Ao mesmo tempo em que se mostra preocupado com os sinais de novo avanço do desmatamento na Amazônia, o governo Luiz Inácio Lula da Silva aposta no crescimento da pecuária. Relatório do Ministério da AGRICULTURA prevê aumento de 31,5% da produção de carne bovina nos próximos dez anos.

Segundo o ministério, as exportações brasileiras passariam nesse período do equivalente a 29% a pouco mais de 39% do mercado mundial. Não se cogita reverter o papel da Amazônia nessas cifras.

Pasto subsidiado

A expansão da pecuária de corte na região conta com duas linhas de financiamento operadas pelo Banco da Amazônia, com juros subsidiados, entre 0,5% e 10,5% ao ano -os mais baratos do país.

De micro a grandes, os pecuaristas do Pará receberam R$ 80 milhões em empréstimos em 2007 do PRONAF (Programa Nacional de AGRICULTURA Familiar) e do FNO (Fundo Constitucional do Nordeste), estima João Miranda, superintendente do Basa.

Um estudo ainda inédito, a ser divulgado no mês que vem pelo Imazon (Instituto do Homem e Meio Ambiente da Amazônia), estima que entre 2003 e 2007 os pecuaristas da região Norte tenham recebido R$ 1,89 bilhão só do FNO. Apesar de ser proibido usar o fundo para desmatar, ele acaba estimulando a derrubada, diz o Imazon. “Um fazendeiro pode desmatar novas áreas sem empréstimo, pois sabe que obterá bons rendimentos usando o empréstimo subsidiado para comprar o rebanho.”

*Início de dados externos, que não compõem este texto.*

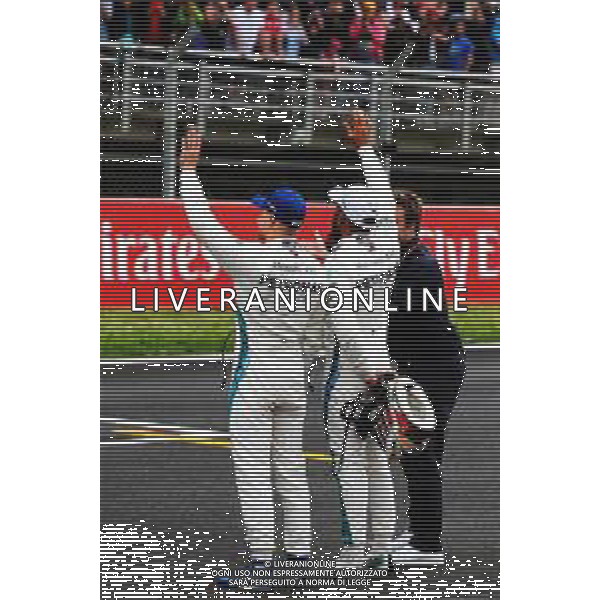 (L to R): Valtteri Bottas (FIN) Mercedes AMG F1 celebrates his second position in qualifying parc ferme with team mate and pole sitter Lewis Hamilton (GBR) Mercedes AMG F1, who is interviewed by Davide Valsecchi (ITA) Sky F1 Italia Presenter. 12.05.2018. Formula 1 World Championship, Rd 5, Spanish Grand Prix, Barcelona, Spain, Qualifying Day. / AGENZIA ALDO LIVERANI SAS - ITALY ONLY EDITORIAL USE ONLY - F1 Gp Spagna Prove Ufficiali Qualifiche Barcellona 12.05.2018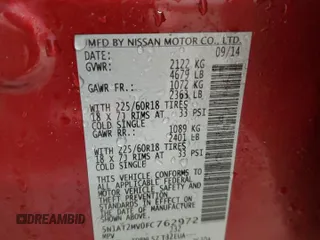 2015 Nissan Rogue SL with VIN 5N1AT2MV0FC762972, listed as a Copart auction lot 50247375 with 142,495 mi miles and Salvage Title. Bid and sale history available at DreamBid. Image 12.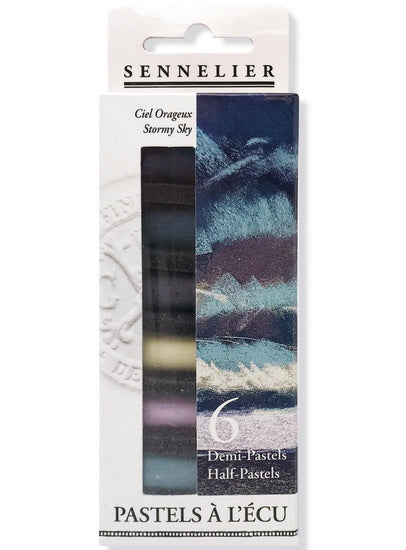 Ens. demi-pastels à l'écu ciel orageux - 6pcs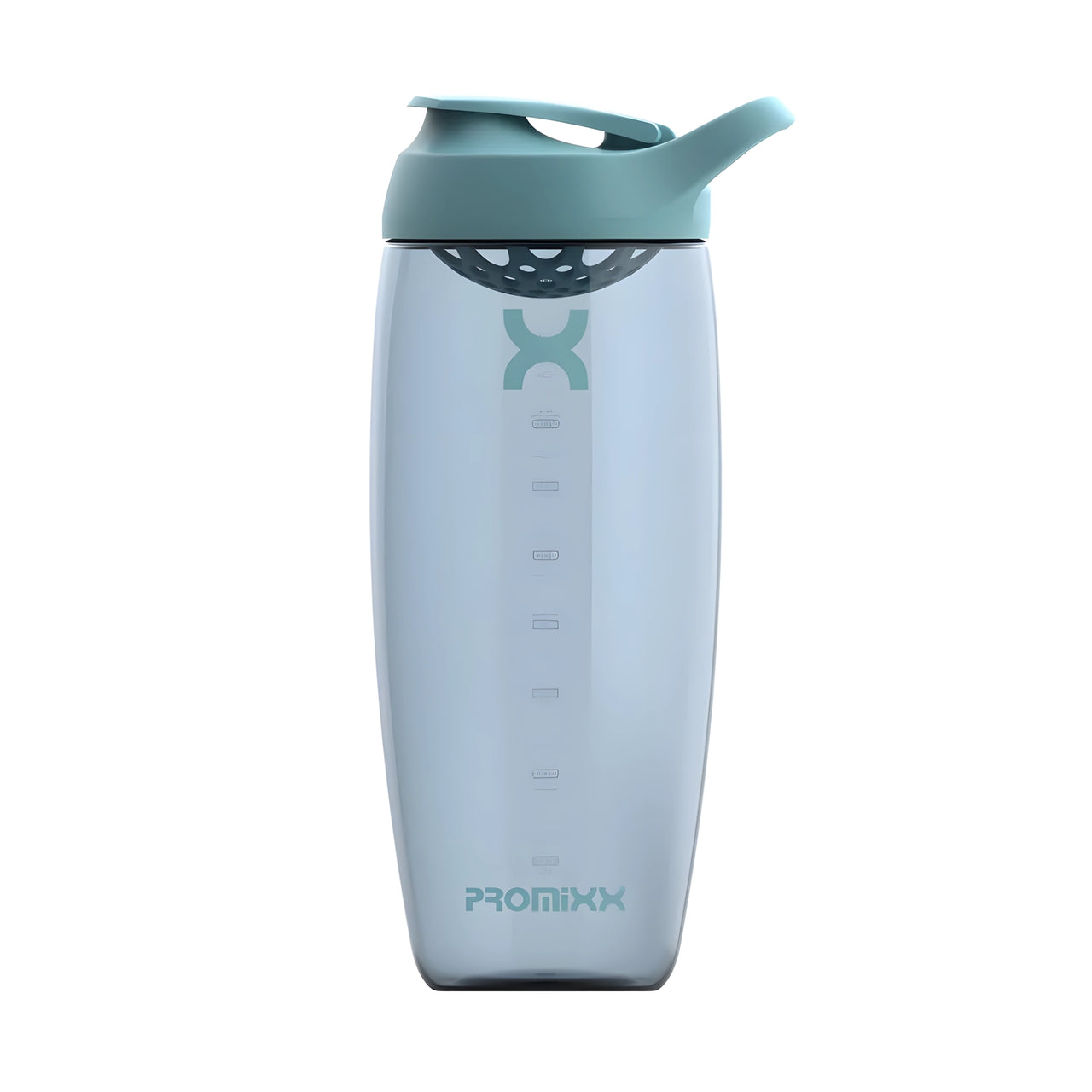 ProMixx Pursuit Shaker Bottle 950 ml med transparent glasliknande yta, inbyggd agitator och ljusgrönt lock.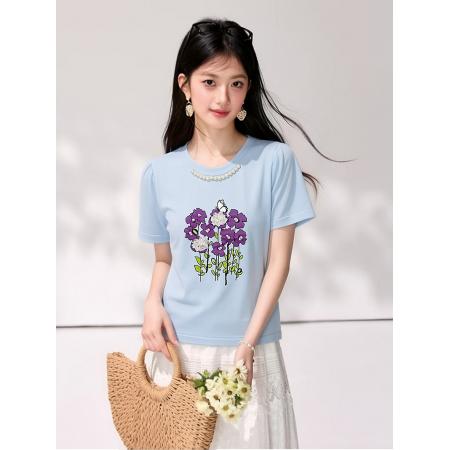 BY19164# 夏季新款钉珠印花圆领针织短袖T恤 服裝批發女裝批發服飾貨源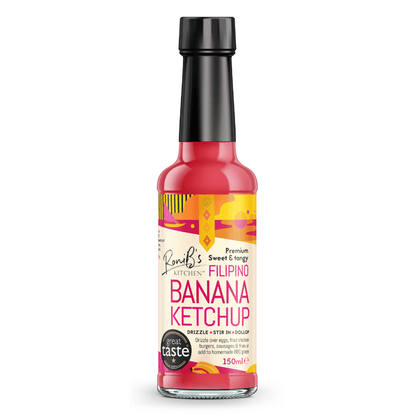 RoniBs Kitchen Filipino banana ketchup bottle showing its smooth, sweet and tangy banana-based ketchup sauce.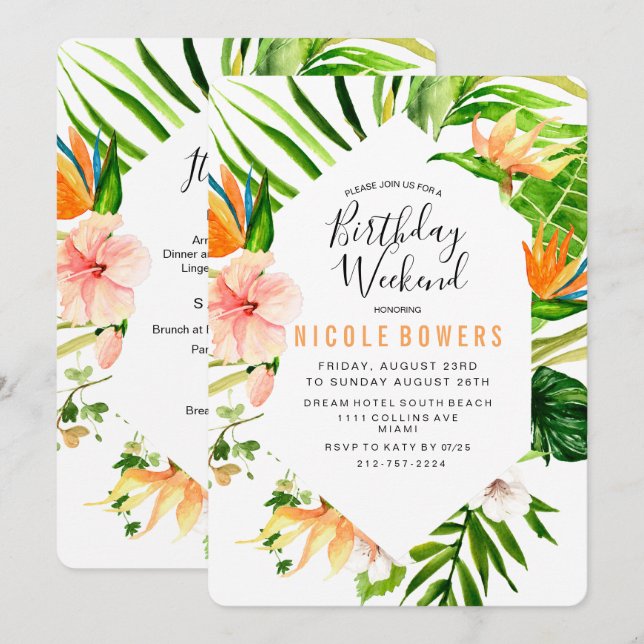 Convite Itinerário no Fim de Semana de Aniversário (Frente/Verso)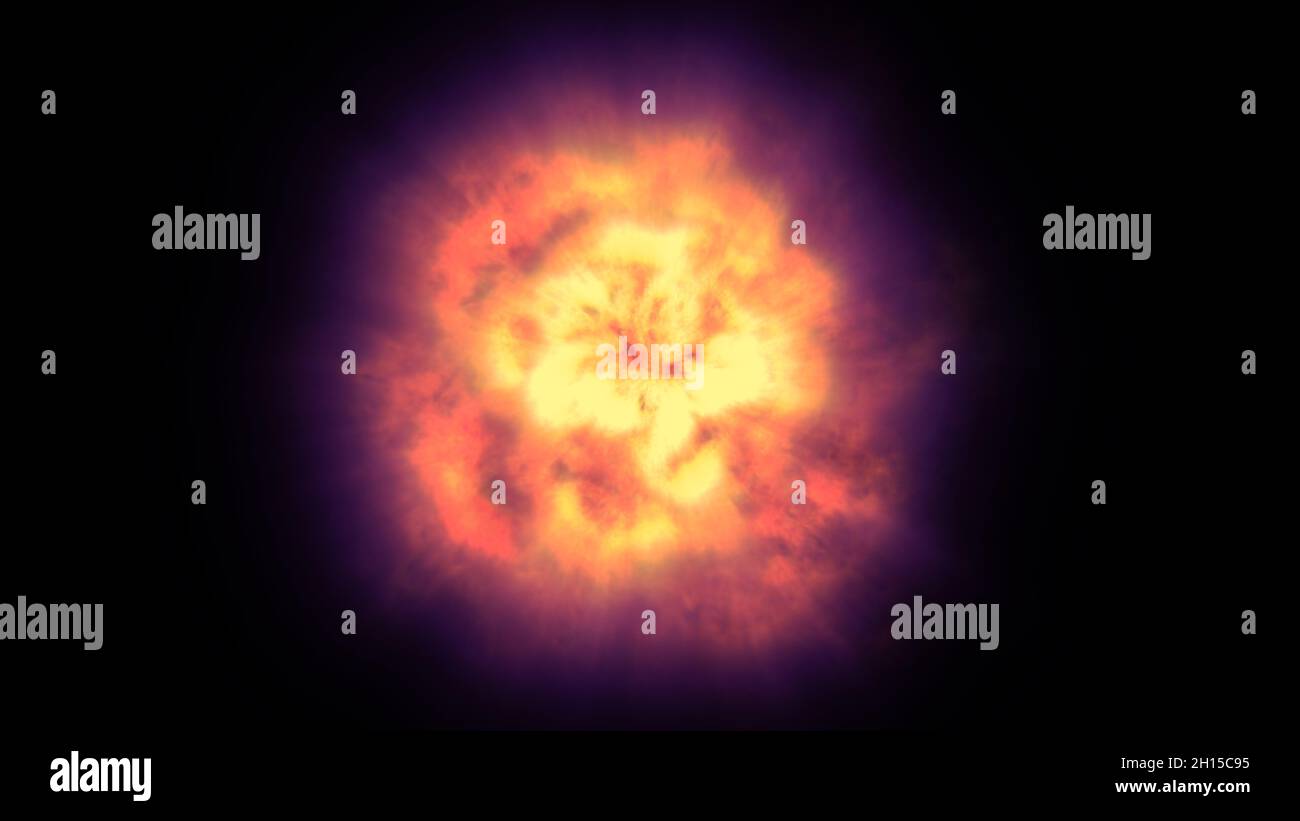 fire flame ball explosion in space, abstract illustration Stock Photo ...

Embora o discurso oficial iniba o desmatamento, uma norma interna do Basa manda dispensar comprovação de reserva legal de florestas na contratação dos empréstimos. Questionado se o banco fiscaliza o desmatamento em propriedades financiadas, o gerente do Basa em São Félix, João Batista Gonçalves, disse: “Não temos como fiscalizar, não somos fiscais do Ibama. Se [o cliente] desmatou mais do que podia, o governo que puna”.

Subsídios públicos estão na origem da pecuária na Amazônia. A atividade foi patrocinada pelos governos militares, preocupados em colonizar a região, a partir do final dos anos 1960, sob o lema “Integrar para não entregar”. A floresta pouco povoada era entendida como ameaça à soberania nacional.

Na época, o desmatamento foi estimulado e a ele esteve vinculada a posse da terra. A legislação permitia então a derrubada de árvores em metade da extensão das propriedades.

Só em 1996 a regra mudou e passou a exigir 80% de reserva legal de florestas nas propriedades da região. O percentual ficou no papel: “Ninguém respeita [o limite]”, atesta o prefeito de São Félix, Denimar Rodrigues (PR). Sai muito mais barato desmatar do que investir na recuperação de pastos, justifica. Eis a lógica da principal -e praticamente única- atividade econômica do município.